- Directed by: Lina Wertmüller
- Written by: Lina Wertmüller
- Produced by: Lionello Santi
- Cinematography: Gianni Di Venanzo
- Edited by: Ruggero Mastroianni
- Music by: Ennio Morricone
- Production companies: Galatea Film; Società Editoriale Cinematografica Italiana 22 Dicembre;
- Distributed by: Cineriz
- Release date: 1963;
- Running time: 85 minutes
- Country: Italy
- Language: Italian
- Budget: £28,000

= The Lizards =

1963 Italian film

The Lizards, also known as The Basilisks (I basilischi), is a 1963 Italian comedy drama film written and directed by Lina Wertmüller. Filmed in the small towns of Minervino Murge and Spinazzola in Apulia and the small agricultural town Palazzo San Gervasio in Basilicata, it was Wertmüller's directorial debut, with a reported budget of £28,000.

== Plot ==
Francesco, Sergio, and Antonio are three privileged young individuals residing in a typical provincial town, namely Minervino Murge (at that time in the province of Bari and since 2009 in the province of Barletta-Andria-Trani), located between Apulia and Basilicata. The film portrays their lives, now saturated with apathy and provincialism, hindering any genuine desire to pursue more stimulating horizons.

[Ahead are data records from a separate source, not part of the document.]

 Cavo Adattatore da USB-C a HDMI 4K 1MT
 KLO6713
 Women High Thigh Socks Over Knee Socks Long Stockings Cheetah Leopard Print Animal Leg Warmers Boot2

When Antonio's aunt, an indifferent university student, offers him the opportunity to live with her in Rome and transfer his enrollment from the University of Bari to the capital, he eventually declines. Incapable of abandoning the ingrained prejudices, stereotypes, and rituals of his native province, he returns to the village, his decision irreversible. The conclusion features a quote from the Southern Italian scholar Giustino Fortunato: "We are what race, climate, location, and history have determined us to be."

== Cast ==
- Antonio Petruzzi as Tony
- Stefano Satta Flores as Francesco
- Sergio Ferrarino as Sergio
- Luigi Barbieri as Antonio's father
- Flora Carabella as Luciana Bonfanti

== Legacy ==
Wertmüller, who had worked as assistant director for Federico Fellini on 8½ (1963), made her directorial debut and also wrote the story and screenplay. She won the "Silver Sail" at the 1963 Locarno Film Festival and subsequently won awards in London and Taormina. In addition to being Wertmüller's debut, it was one of the first roles of Satta Flores and Clarabella, Santa Flores' classmate and future wife of Marcello Mastroianni. Wertmüller also voiced numerous supporting characters. She shot the film in Minervino Murge, a town in the Altopiano delle Murge region on the border with Basilicata. Wertmüller was inspired to make the film after visiting her father's hometown, Palazzo San Gervasio, which she described as "the discovery of a world, of that part of Italy cut off from the routes of so many wars and from history". In 2008, I basilischi was shown as part of the retrospective "Questi fantasmi: Cinema italiano ritrovato" at the 65th Venice International Film Festival. A 4K restoration of the film was screened at the Museum of Modern Art in December 2023.